*Task prompt*:
Find the line below with "Decidueye Moveset Pokemon Unite" and the line with "Sportovní hala Lednice". Output exactly those lines and everything between them, leaving out the pictures.

*Supplied records*:
Start of Block

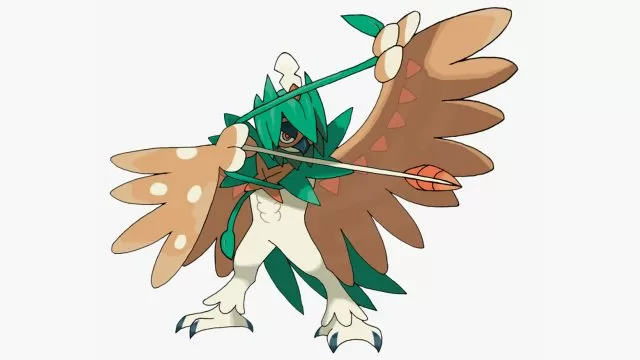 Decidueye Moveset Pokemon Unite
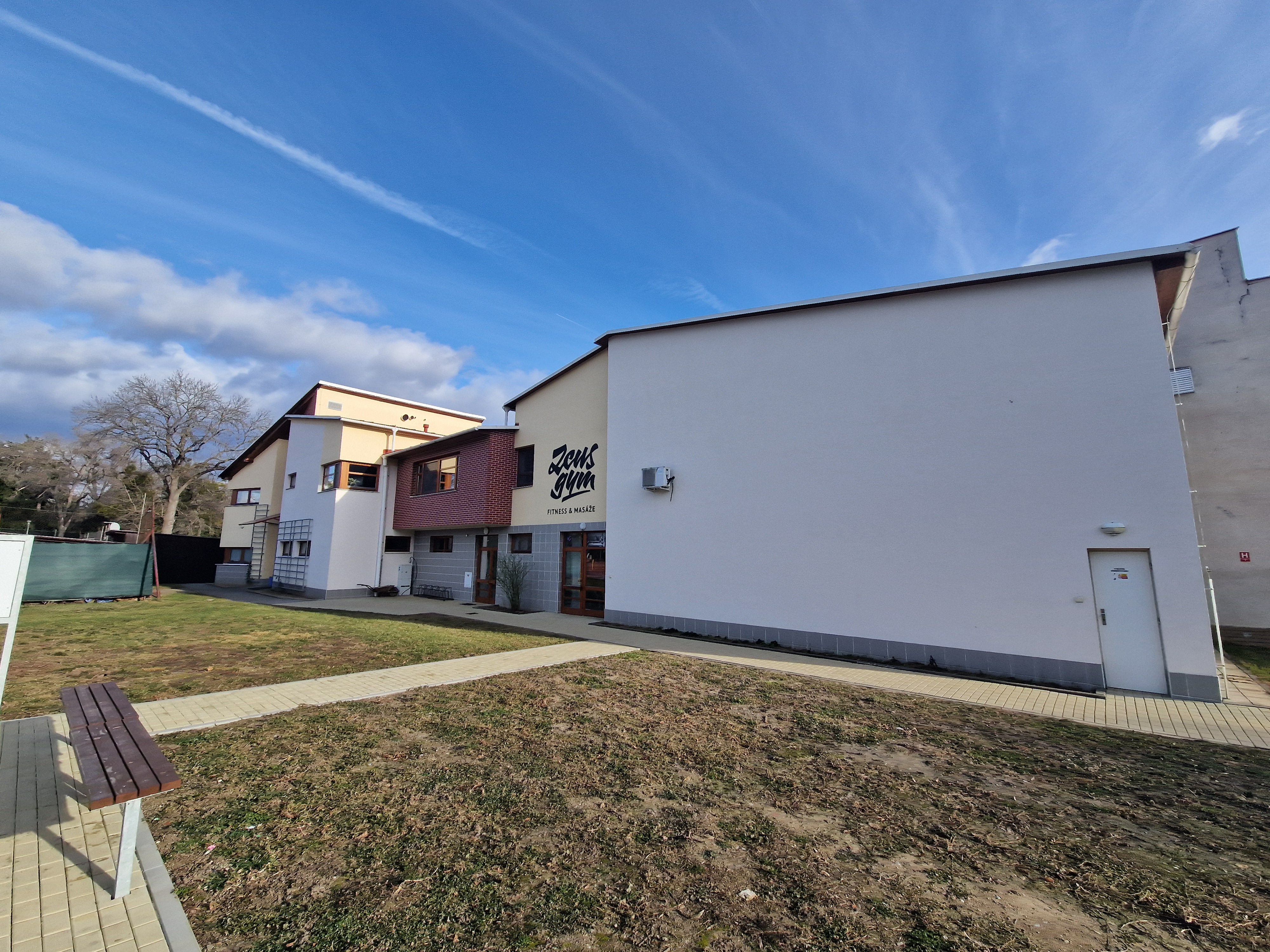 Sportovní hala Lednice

End of Block
Start of Block

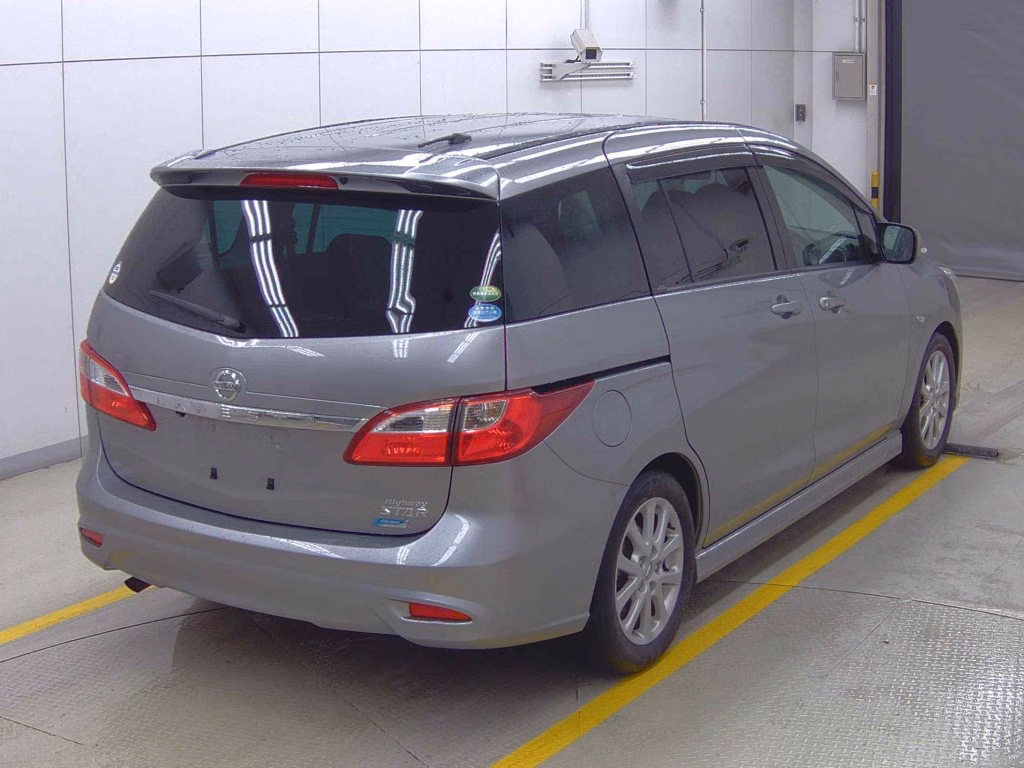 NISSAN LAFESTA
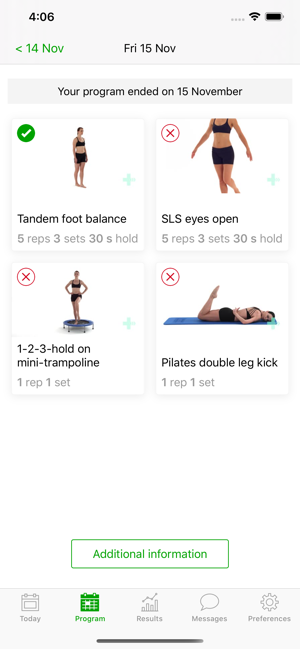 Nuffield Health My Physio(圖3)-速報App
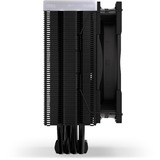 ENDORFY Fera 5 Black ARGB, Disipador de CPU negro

End of Block

*Solution to this task*:
 Decidueye Moveset Pokemon Unite
 Sportovní hala Lednice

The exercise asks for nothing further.